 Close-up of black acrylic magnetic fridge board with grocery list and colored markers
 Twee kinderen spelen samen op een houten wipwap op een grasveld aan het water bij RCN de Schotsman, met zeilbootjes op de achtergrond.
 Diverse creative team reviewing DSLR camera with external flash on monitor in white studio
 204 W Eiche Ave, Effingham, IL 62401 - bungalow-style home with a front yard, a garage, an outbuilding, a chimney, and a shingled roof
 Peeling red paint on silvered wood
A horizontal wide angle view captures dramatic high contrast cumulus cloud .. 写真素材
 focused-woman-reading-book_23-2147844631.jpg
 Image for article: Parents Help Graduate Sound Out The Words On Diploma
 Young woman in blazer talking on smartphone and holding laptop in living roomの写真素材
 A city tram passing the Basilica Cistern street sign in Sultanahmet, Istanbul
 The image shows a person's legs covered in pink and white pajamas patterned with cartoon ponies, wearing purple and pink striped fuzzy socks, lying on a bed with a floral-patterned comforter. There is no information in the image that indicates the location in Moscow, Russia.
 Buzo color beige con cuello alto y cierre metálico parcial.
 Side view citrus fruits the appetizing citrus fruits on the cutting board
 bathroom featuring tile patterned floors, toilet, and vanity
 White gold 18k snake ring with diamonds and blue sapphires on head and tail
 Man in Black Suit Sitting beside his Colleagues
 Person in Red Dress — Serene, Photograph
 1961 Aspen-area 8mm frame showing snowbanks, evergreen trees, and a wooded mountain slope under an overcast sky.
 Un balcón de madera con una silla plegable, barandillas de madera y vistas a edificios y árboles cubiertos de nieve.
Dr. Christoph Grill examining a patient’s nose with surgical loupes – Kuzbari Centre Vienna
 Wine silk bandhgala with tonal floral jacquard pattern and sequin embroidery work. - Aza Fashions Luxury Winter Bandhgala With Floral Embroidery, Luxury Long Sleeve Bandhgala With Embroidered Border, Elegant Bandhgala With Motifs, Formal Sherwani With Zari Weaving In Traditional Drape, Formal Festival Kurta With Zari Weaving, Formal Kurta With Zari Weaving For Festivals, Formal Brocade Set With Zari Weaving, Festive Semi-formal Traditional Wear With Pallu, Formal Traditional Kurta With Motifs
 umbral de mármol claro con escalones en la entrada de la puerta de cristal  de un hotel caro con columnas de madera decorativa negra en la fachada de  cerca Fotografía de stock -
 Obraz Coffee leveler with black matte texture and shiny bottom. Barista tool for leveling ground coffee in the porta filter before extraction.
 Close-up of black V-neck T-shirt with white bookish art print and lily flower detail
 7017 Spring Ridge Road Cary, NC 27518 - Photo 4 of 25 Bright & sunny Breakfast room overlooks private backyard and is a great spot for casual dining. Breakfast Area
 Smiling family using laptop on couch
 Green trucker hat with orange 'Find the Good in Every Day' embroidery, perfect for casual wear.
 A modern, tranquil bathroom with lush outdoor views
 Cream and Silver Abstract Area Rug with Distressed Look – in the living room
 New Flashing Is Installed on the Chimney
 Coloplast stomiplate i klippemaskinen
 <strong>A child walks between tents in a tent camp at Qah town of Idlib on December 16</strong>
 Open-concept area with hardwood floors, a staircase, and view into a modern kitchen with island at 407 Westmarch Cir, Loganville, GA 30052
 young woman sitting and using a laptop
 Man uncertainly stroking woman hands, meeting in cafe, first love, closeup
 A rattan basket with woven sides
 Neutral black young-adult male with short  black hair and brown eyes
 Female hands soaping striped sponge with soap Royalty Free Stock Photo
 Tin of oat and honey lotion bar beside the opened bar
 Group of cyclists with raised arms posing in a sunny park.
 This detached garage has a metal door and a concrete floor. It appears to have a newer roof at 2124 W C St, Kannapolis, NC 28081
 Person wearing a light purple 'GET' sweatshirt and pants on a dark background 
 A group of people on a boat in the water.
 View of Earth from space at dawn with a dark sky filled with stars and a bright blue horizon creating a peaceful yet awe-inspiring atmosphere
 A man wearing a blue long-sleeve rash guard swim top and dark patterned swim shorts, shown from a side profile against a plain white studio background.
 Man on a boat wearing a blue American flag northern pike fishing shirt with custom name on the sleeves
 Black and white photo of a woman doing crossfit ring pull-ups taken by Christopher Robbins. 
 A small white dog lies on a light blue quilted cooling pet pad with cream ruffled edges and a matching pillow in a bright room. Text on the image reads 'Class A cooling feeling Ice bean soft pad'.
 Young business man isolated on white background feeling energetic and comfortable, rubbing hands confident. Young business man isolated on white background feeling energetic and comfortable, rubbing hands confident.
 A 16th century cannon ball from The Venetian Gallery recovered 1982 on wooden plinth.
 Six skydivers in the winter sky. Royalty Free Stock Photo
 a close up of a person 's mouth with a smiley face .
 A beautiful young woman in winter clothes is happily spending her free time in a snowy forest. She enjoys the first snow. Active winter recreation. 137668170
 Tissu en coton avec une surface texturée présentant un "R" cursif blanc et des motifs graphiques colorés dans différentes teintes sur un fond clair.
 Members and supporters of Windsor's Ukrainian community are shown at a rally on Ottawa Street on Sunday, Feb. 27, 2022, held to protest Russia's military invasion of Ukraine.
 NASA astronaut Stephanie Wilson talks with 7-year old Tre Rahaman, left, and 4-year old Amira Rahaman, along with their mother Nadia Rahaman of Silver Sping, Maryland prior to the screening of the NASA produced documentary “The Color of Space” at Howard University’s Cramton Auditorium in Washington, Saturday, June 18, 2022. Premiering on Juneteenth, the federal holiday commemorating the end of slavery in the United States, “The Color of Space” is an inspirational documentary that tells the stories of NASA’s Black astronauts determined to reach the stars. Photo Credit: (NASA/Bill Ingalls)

» Task requirements:
Retype, in the same exact form, the lines of the material above from the line holding "A horizontal wide" through the line holding "A city tram".

» Answer area:
A horizontal wide angle view captures dramatic high contrast cumulus cloud .. 写真素材
 focused-woman-reading-book_23-2147844631.jpg
 Image for article: Parents Help Graduate Sound Out The Words On Diploma
 Young woman in blazer talking on smartphone and holding laptop in living roomの写真素材
 A city tram passing the Basilica Cistern street sign in Sultanahmet, Istanbul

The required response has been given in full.